A US military tribunal on Friday sentenced a Sudanese prisoner at Guantanamo to 14 years in prison for helping al-Qaeda and providing material support to terrorism.
However, under terms of a plea agreement, Noor Uthman Mohammed was not expected to serve the full sentence if he keeps his promise to cooperate with US investigators in other cases.
“If Mr Mohammed fails to comply with his promise to testify and cooperate, he can be required to serve all 14 years of his sentence,” the Pentagon said in a statement.
Captured in March 2002 in Pakistan, Mohammed is the sixth inmate at the US-run prison in Guantanamo Bay, Cuba, to be convicted and the third since US President Barack Obama took office.
In his guilty plea, Mohammed admitted he worked as a weapons instructor at a “terrorist training” camp in Afghanistan and agreed to teach “recruits to commit acts of terrorism in support of al--Qaeda or affiliated terrorist organizations engaged in hostilities against the United States,” the statement said.
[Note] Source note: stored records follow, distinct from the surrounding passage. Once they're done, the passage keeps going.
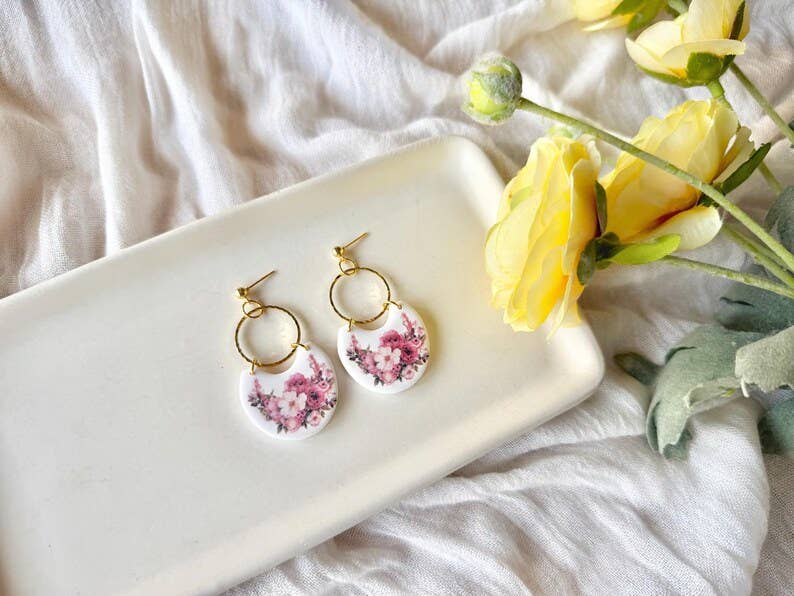 Pink Flower Earrings, Pink Floral Earrings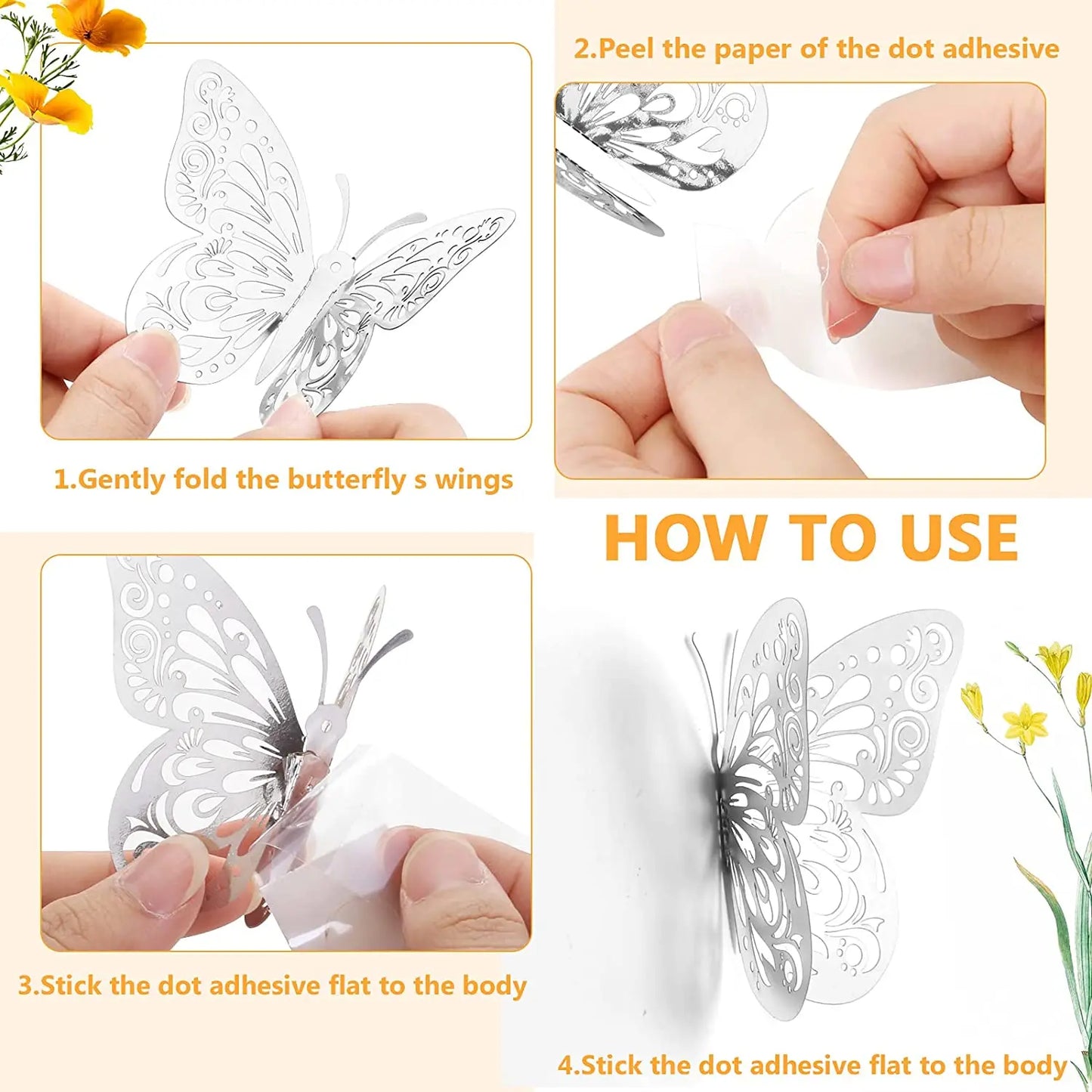 3D Hollow Butterfly Wall Stickers (12 Pcs)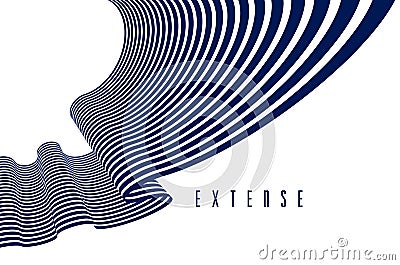 Abstract lines in 3D dimensional perspective abstract vector background, cool funky design layout. Vector Illustration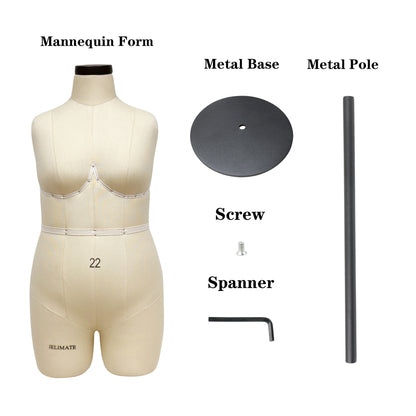 JELIMATE Studio | Plus Size Half Scale Dress Form (Size 22)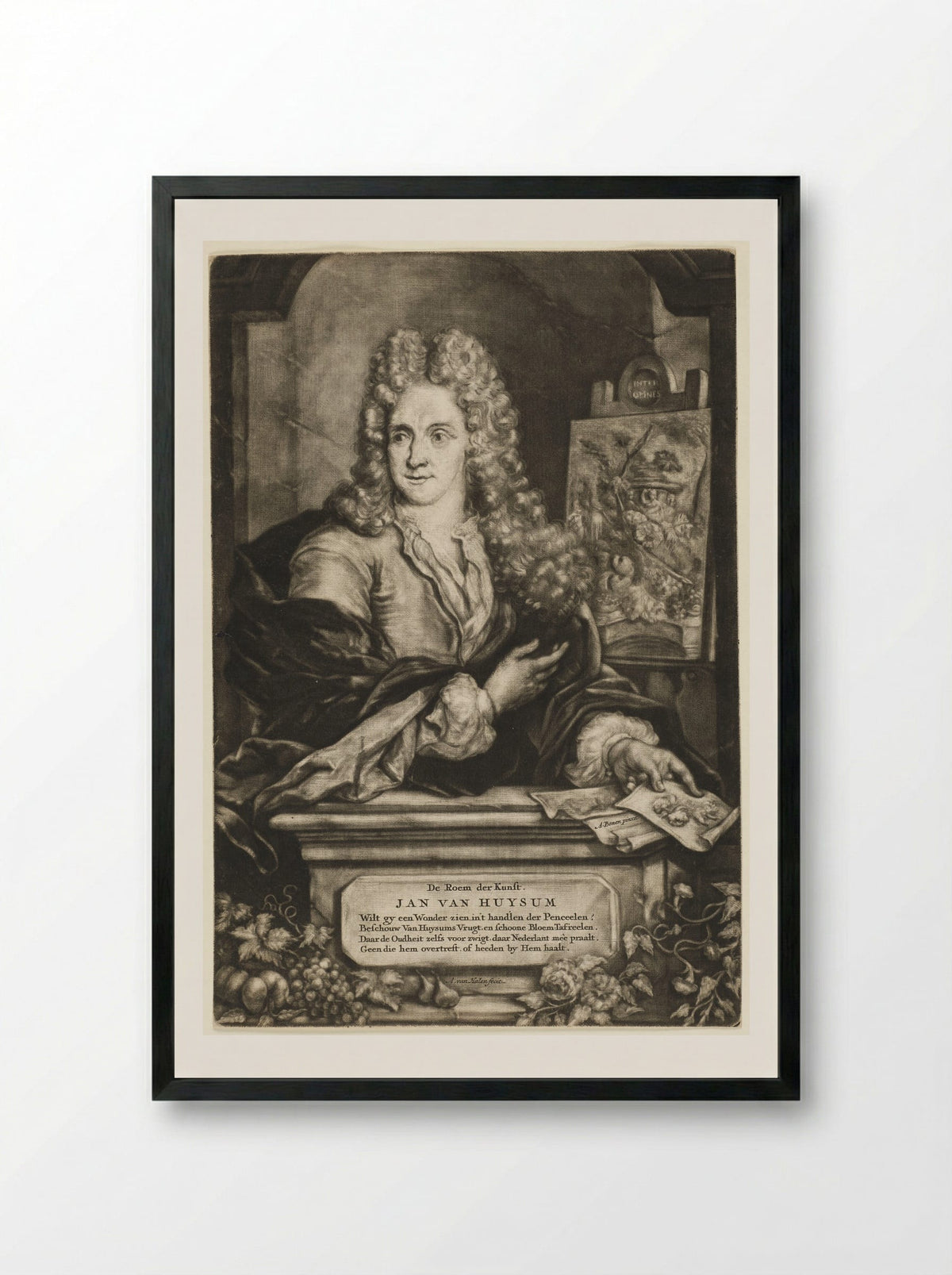 Portrait of Jan van Huysum - Arnoud van Halen - Framed Print Black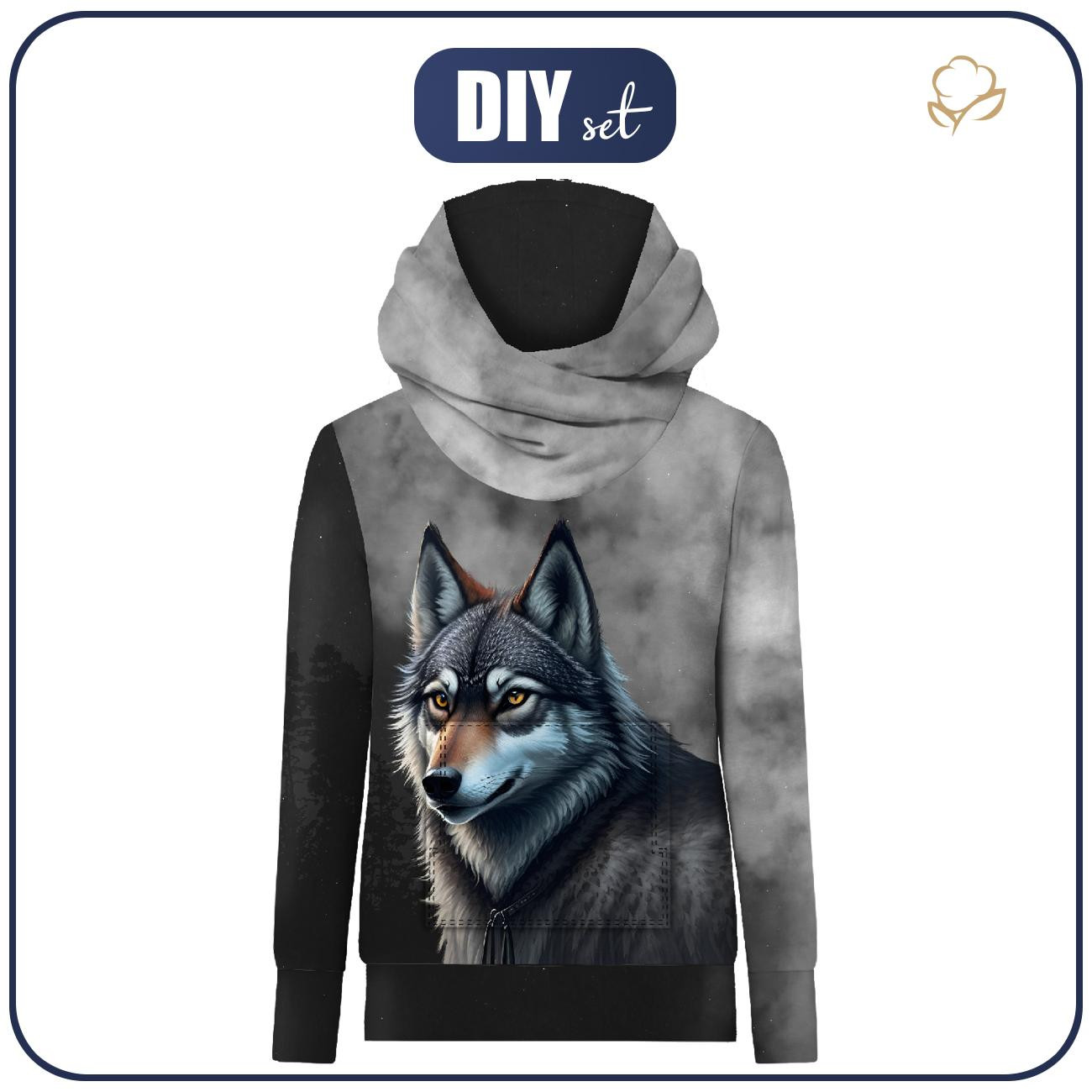 BLUZA HYDROFOBOWA UNISEX - MOON WOLF - zestaw do uszycia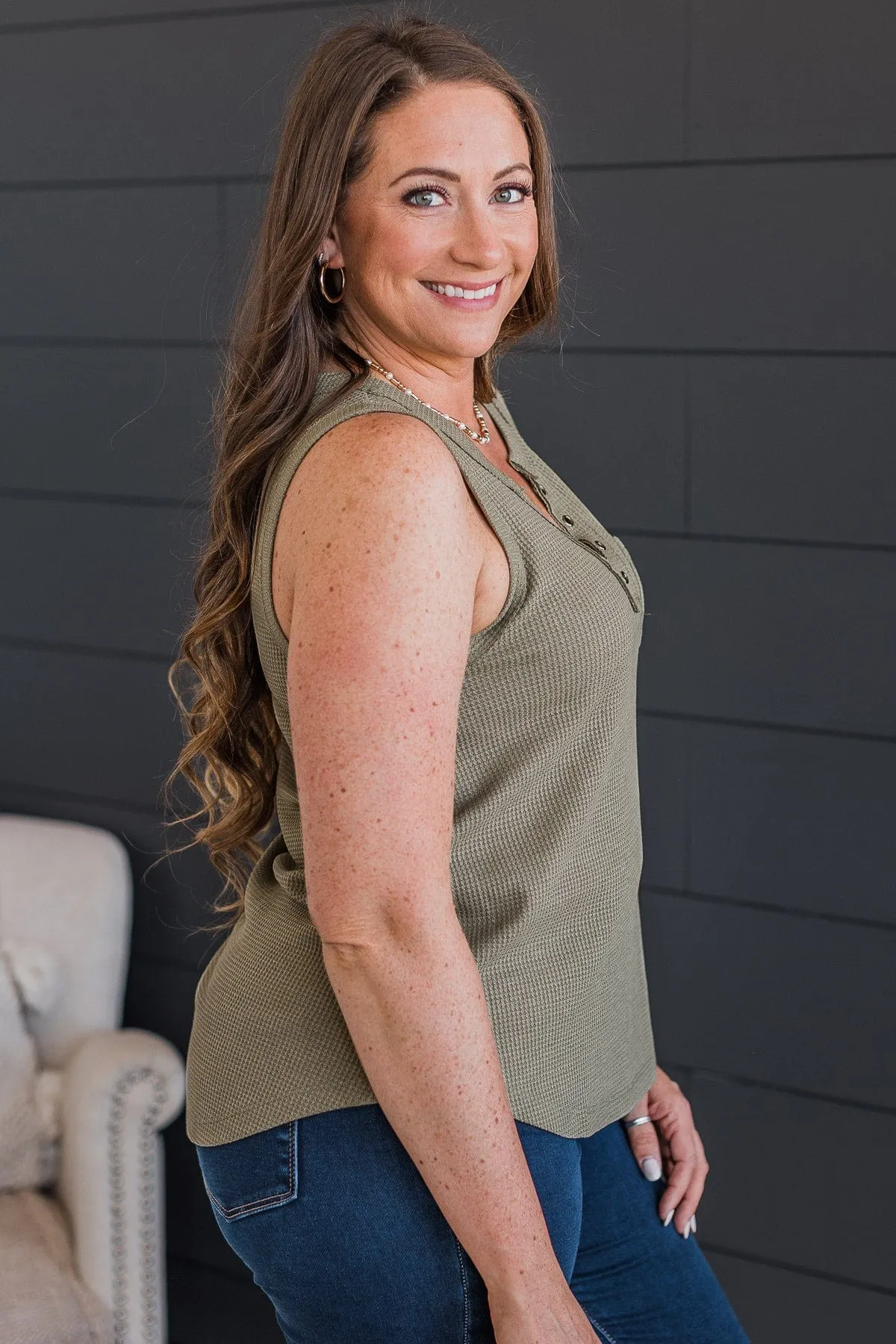 Keep You Guessing Knit Tank Top- Olive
Mohammed was a deputy commander of the camp in Khaldan, Afghanistan, starting in 1994, according to charge sheets.
Military prosecutors say al--Qaeda fighters and some hijackers in the Sept. 11, 2001, attacks passed through the paramilitary camp.
Mohammed confessed to training a convicted bomber who participated in the attack on the US embassy in Nairobi, Kenya, a member of a failed plot to bomb Los Angeles International Airport in 1999 and Zacarias Moussaoui, a French national sentenced to life in prison for complicity in the Sept. 11 attacks.